Alors que l’élection présidentielle de mai 2023 avaient semblé consacrer la ligne autoritaire,  islamiste et nationaliste de Recep Tayyip Erdogan (réélu avec 52% des suffrages) et que l’opposition démocratique semblait en mauvaise forme, les municipales du 31 mars ont apporté un désaveu cinglant au parti présidentiel. Le Parti républicain du peuple, CHP, social-démocrate, l’a emporté et signe un tournant politique inédit depuis un demi-siècle. Comment expliquer ce revirement ? Quels sont les atouts de la figure de proue de l’opposition, le maire d’Istanbul, Ekrem Imamoglu ? Quel avenir se dessine pour la Turquie ? Réponses avec Soli Özel.

Tous, dans le pays ou à l’étranger, avaient tenu pour acquis que la démocratie en Turquie ne pouvait plus faire le moindre progrès pour rétablir son état moribond. Or, l’électorat turc a surpris, et de loin, lors des élections municipales du 31 mars où l'opposition a remporté un succès dépassant même les espérances des plus optimistes.

Le pays, assigné à résidence de l’autoritarisme d'Erdoğan, a fait la preuve de la vigueur de son instinct démocratique, de la résilience de son opposition et de son énergie de résistance. Et ce, en dépit de conditions de campagne injustes, où les ressources de l'État ont été mises au service des candidats du gouvernement, où des médias subordonnés au pouvoir ont illustré dans toute son ampleur ce que pouvait être le  "journalisme jaune", et où on a été jusqu’à emmener voter, dans le sud-est, des troupes dans des villes où elles ne résidaient même pas.
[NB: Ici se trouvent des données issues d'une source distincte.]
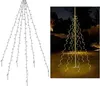A diagram of a light curtain and a lit light curtain tree in a garden at night. Náhled obrázku produktu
Le nombre important de femmes élues dans les mairies, même dans des villes ultra conservatrices, semble d’ailleurs refléter le malaise croissant de la société et illustrer la contestation de ce que la politologue Şebnem Gümüşçü a appelé l'"islamisation furtive" des politiques menées par le parti au pouvoir.

Le Parti républicain du peuple (CHP), le principal parti d'opposition, désormais dirigé par une nouvelle équipe plus dynamique et plus jeune, était en tête des votes à l’issue du scrutin, avec 37,7 % des voix. Outre les trois plus grands centres métropolitains d'Istanbul, d'Ankara et d'İzmir, le parti a, pour la première fois en vingt et un ans, franchi les limites de ses ghettos côtiers. Il a également remporté les mairies des grandes villes de l'Anatolie profonde et conservatrice, parfois pour la première fois dans l'histoire de la République.

Le Parti de la justice et du développement (AKP) au pouvoir a résisté principalement dans l’Anatolie centrale et orientale et dans trois provinces du nord-ouest de la mer Noire, avec 35,49 % des voix. Là où le jaune - couleur de l'AKP - dominait sur la carte du pays depuis presque toutes les élections et référendums des vingt dernières années, c’est désormais le rouge - couleur du CHP - qui prévaut, jusque dans les provinces du sud-est habituellement en violet - couleur du parti kurde DEM.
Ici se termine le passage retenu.